Is the description appropriately sized, front-loaded, and free of redundancy?

The description is a single, direct sentence with zero wasted words. It front-loads the core purpose ('Retrieve list of comments') efficiently, making it easy to parse and understand at a glance.

Shorter descriptions cost fewer tokens and are easier for agents to parse. Every sentence should earn its place.

Completeness2/5

Given the tool's complexity, does the description cover enough for an agent to succeed on first attempt?

Given the tool's complexity (3 parameters, no output schema, and no annotations), the description is insufficient. It doesn't explain the return values, pagination behavior (implied by 'top'), or how comments are structured, leaving the agent with incomplete context for proper invocation and result interpretation.

Complex tools with many parameters or behaviors need more documentation. Simple tools need less. This dimension scales expectations accordingly.

Parameters3/5

Does the description clarify parameter syntax, constraints, interactions, or defaults beyond what the schema provides?

The schema description coverage is 100%, so the schema already documents all parameters thoroughly. The description adds no additional meaning beyond implying that 'workItemId' is used to identify the target, which is redundant with the schema. This meets the baseline for high schema coverage without extra value.

Input schemas describe structure but not intent. Descriptions should explain non-obvious parameter relationships and valid value ranges.

Purpose4/5

Does the description clearly state what the tool does and how it differs from similar tools?

The description clearly states the action ('Retrieve list') and resource ('comments for a work item by ID'), making the purpose immediately understandable.

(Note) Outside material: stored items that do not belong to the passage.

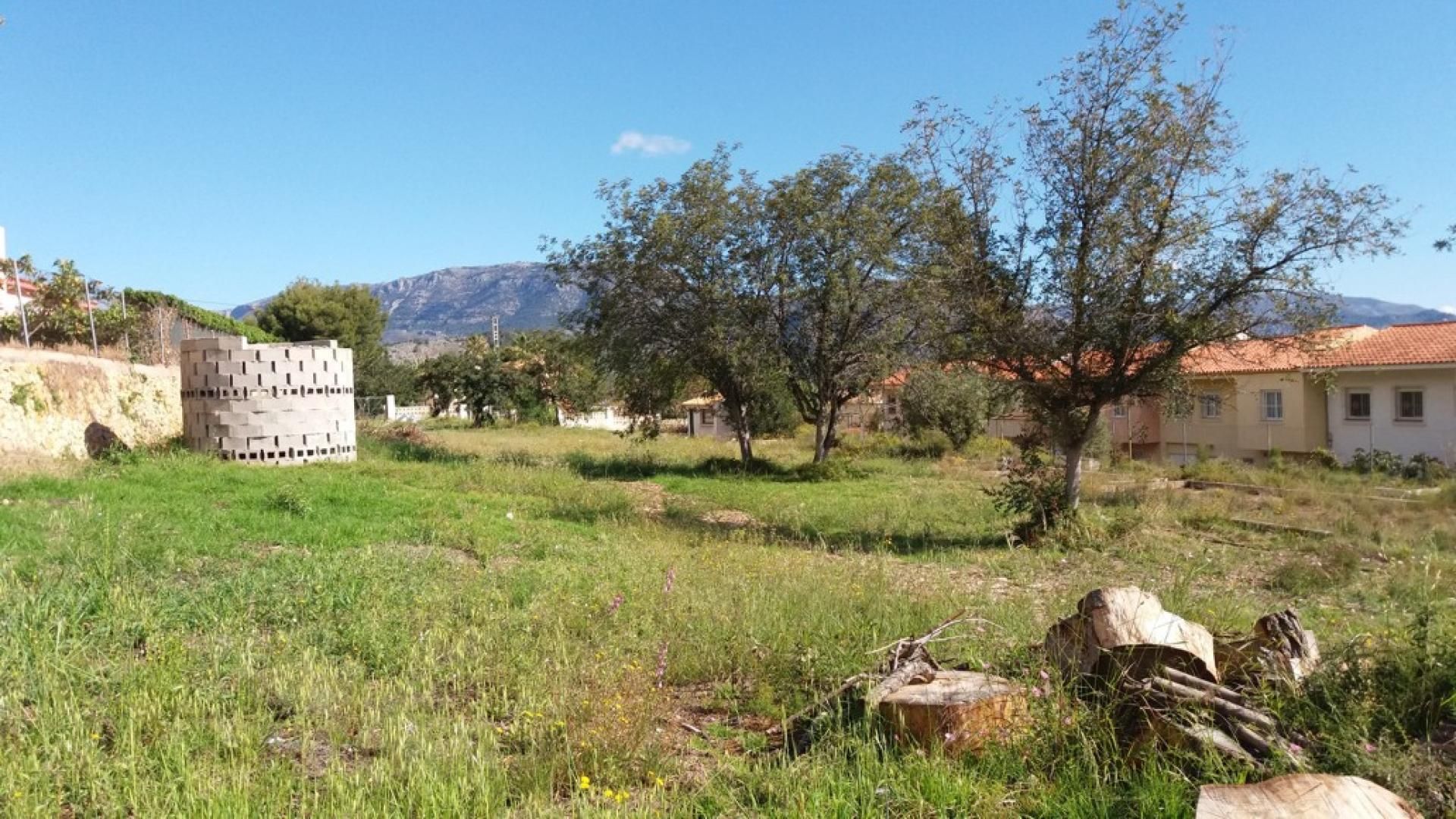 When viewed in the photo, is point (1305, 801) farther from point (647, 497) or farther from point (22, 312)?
point (22, 312)

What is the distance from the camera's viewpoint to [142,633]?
5309 mm

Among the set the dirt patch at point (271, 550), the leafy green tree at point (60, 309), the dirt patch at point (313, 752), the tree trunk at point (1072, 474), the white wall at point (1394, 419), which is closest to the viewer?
the dirt patch at point (313, 752)

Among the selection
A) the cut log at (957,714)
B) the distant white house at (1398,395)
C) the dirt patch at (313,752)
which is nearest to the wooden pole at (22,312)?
the dirt patch at (313,752)

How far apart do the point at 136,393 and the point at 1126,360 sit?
63.1ft

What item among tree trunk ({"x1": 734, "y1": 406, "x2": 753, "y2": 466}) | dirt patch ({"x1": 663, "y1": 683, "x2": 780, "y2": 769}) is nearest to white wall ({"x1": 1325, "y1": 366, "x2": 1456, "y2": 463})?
A: tree trunk ({"x1": 734, "y1": 406, "x2": 753, "y2": 466})

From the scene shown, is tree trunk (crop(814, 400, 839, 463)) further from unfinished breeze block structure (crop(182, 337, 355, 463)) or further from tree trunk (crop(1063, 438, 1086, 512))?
unfinished breeze block structure (crop(182, 337, 355, 463))

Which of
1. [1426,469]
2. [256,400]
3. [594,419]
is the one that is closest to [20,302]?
[256,400]

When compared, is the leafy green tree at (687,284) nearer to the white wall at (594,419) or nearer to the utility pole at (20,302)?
the utility pole at (20,302)

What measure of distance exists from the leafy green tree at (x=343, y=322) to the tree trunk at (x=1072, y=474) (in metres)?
46.3

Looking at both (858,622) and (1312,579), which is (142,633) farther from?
(1312,579)

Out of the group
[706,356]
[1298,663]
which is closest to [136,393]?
[706,356]

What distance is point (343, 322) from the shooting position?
53406 millimetres

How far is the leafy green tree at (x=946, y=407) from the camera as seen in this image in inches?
1029

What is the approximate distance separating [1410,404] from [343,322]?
52220mm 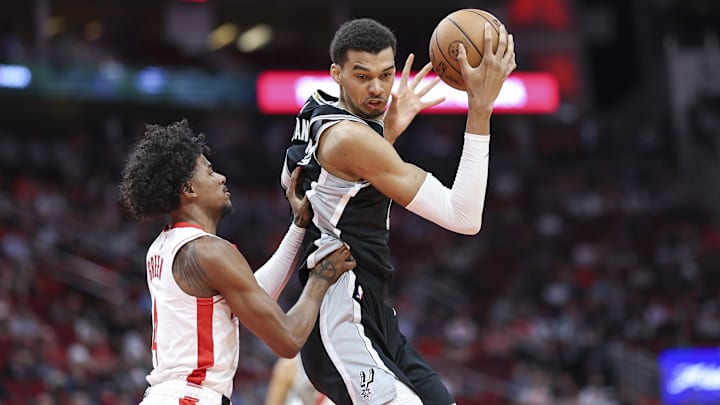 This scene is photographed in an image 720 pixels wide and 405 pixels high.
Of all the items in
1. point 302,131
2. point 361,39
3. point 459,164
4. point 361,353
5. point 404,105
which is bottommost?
point 361,353

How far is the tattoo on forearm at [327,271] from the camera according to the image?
3877 millimetres

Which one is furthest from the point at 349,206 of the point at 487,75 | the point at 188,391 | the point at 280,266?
the point at 188,391

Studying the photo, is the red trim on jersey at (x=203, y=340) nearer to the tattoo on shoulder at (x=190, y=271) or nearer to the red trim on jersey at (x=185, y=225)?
the tattoo on shoulder at (x=190, y=271)

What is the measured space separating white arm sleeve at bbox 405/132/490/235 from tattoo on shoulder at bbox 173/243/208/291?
79 cm

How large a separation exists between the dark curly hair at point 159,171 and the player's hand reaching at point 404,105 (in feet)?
2.89

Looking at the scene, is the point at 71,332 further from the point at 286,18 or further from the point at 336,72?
the point at 286,18

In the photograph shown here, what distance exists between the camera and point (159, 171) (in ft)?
13.0

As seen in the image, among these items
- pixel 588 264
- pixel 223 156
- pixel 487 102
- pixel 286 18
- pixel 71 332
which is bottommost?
pixel 487 102

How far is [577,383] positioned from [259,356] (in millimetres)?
4662

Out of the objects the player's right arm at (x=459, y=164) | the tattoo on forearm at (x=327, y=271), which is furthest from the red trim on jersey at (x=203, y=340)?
the player's right arm at (x=459, y=164)

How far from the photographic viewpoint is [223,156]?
19.8m

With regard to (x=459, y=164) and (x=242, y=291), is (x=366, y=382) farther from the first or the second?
(x=459, y=164)

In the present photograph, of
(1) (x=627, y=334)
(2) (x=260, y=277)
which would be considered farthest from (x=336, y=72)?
(1) (x=627, y=334)

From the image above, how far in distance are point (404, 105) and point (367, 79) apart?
24.4 inches
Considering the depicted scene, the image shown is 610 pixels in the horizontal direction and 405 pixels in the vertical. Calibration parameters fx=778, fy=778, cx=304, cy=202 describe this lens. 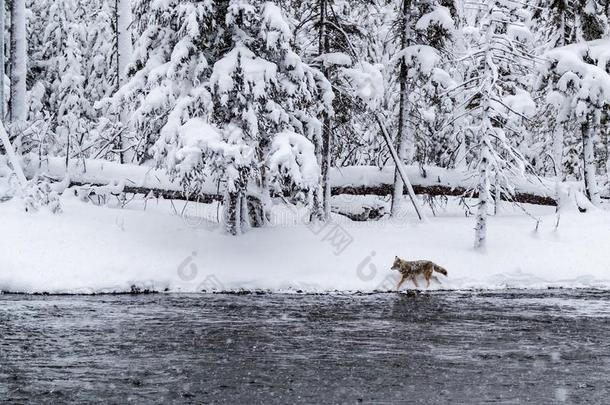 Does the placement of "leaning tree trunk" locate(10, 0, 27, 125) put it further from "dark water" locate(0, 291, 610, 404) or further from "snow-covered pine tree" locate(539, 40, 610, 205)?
"snow-covered pine tree" locate(539, 40, 610, 205)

However, it doesn't differentiate this tool from sibling tools like 'wit_add_work_item_comment' or 'repo_list_pull_request_thread_comments', which also handle comments in different contexts, so it doesn't achieve full sibling distinction.

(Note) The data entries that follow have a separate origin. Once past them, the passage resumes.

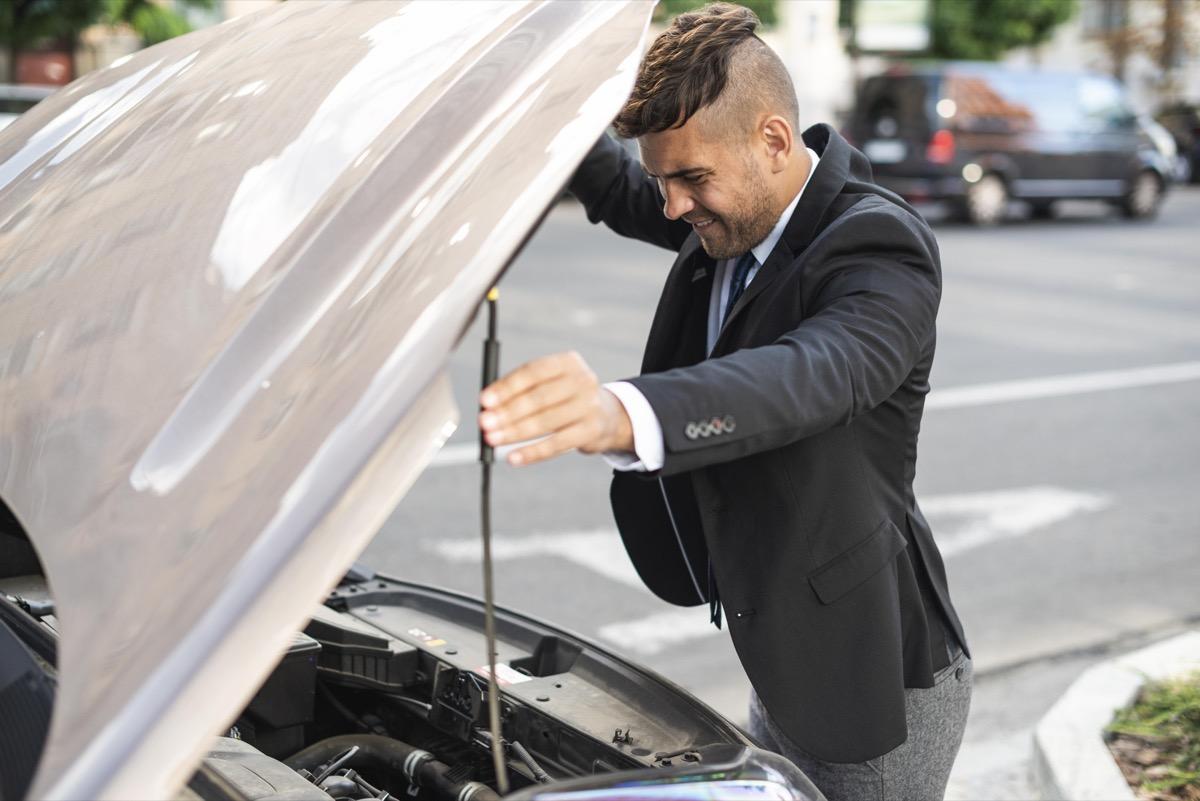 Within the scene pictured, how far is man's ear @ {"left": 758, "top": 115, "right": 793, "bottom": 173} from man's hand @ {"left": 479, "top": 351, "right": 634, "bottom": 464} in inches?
28.4

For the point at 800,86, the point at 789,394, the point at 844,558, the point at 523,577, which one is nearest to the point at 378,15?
the point at 789,394

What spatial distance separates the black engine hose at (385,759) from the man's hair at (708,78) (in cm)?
99

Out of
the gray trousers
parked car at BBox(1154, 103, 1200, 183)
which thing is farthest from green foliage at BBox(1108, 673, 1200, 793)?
parked car at BBox(1154, 103, 1200, 183)

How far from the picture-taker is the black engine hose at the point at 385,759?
2096 millimetres

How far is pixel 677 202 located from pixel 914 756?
3.14 ft

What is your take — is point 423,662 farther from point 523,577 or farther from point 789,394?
point 523,577

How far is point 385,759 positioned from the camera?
86.9 inches

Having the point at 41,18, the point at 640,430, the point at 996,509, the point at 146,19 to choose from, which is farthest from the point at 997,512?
the point at 146,19

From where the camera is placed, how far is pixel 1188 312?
12156 millimetres

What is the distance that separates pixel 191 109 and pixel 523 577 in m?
3.60

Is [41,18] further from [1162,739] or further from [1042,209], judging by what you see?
[1162,739]

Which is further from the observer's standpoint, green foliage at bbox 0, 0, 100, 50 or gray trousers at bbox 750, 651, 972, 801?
green foliage at bbox 0, 0, 100, 50

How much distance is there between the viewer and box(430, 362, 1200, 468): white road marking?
8438 mm

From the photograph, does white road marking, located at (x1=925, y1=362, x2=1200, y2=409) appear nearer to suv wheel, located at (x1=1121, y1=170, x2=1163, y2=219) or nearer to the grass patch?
the grass patch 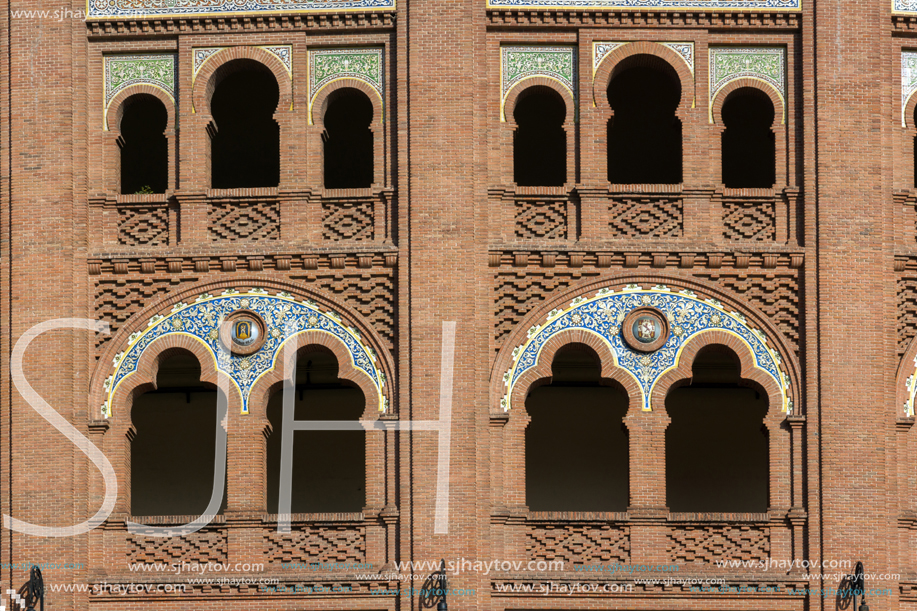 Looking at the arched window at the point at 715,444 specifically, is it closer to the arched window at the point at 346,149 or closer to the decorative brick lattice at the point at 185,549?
the arched window at the point at 346,149

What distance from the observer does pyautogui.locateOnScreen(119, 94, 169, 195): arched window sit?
2669cm

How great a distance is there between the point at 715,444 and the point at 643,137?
529 cm

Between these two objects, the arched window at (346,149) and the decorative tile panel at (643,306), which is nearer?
the decorative tile panel at (643,306)

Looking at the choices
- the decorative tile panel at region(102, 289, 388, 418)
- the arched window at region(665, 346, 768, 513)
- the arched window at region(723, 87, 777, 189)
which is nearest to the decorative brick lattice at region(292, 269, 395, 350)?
the decorative tile panel at region(102, 289, 388, 418)

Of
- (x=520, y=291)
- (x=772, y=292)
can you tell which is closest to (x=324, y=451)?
(x=520, y=291)

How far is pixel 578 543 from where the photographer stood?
72.2ft

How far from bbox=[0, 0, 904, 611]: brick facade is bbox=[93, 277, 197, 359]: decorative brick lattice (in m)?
0.05

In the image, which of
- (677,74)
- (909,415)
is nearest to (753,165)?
(677,74)

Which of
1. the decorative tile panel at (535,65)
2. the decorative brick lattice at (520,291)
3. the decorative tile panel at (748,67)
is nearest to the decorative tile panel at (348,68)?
the decorative tile panel at (535,65)

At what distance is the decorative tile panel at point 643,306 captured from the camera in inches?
882

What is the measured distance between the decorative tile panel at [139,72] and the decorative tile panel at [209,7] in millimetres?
600

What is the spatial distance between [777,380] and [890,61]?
488cm

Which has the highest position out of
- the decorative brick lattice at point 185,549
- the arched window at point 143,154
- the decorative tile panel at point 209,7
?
the decorative tile panel at point 209,7

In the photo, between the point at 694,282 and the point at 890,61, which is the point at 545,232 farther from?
the point at 890,61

Agents choose between tools based on descriptions. A clear purpose with a specific verb and resource helps agents select the right tool.

Usage Guidelines2/5

Does the description explain when to use this tool, when not to, or what alternatives exist?

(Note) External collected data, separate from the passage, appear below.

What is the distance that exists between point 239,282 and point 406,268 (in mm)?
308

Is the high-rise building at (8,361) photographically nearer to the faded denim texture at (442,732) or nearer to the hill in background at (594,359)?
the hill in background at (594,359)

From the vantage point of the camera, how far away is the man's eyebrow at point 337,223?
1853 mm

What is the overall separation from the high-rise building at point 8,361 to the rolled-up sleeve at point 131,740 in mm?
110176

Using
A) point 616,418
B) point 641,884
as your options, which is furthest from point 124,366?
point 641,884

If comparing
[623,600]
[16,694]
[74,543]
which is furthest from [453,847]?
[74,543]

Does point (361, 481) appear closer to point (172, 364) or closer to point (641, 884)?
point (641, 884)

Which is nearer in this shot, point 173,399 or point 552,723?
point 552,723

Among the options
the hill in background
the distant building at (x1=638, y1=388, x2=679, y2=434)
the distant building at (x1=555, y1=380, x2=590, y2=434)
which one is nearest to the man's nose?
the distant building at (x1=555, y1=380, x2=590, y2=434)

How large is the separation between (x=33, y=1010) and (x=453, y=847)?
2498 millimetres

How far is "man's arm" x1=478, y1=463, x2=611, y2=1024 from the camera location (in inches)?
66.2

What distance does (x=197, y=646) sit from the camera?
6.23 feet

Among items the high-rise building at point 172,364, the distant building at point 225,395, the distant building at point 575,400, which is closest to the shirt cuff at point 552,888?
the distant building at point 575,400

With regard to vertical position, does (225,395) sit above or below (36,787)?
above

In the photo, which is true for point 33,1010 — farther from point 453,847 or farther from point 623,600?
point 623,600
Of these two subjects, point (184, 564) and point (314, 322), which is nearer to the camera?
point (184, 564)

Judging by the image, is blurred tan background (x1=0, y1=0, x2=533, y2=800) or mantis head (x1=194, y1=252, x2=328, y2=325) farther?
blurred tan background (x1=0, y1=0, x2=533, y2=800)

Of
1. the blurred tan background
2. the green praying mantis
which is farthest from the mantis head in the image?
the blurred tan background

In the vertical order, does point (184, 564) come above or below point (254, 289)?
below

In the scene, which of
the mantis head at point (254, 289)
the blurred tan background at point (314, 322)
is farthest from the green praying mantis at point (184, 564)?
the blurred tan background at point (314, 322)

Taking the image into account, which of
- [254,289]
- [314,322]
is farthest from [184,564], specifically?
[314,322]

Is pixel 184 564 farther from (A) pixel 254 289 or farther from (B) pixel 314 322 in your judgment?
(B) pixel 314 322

The description provides no guidance on when to use this tool versus alternatives. It doesn't mention sibling tools like 'wit_get_work_item' (which might include comments) or 'repo_list_pull_request_thread_comments' (for code-related comments), nor does it specify prerequisites or exclusions, leaving usage context ambiguous.

Agents often have multiple tools that could apply. Explicit usage guidance like "use X instead of Y when Z" prevents misuse.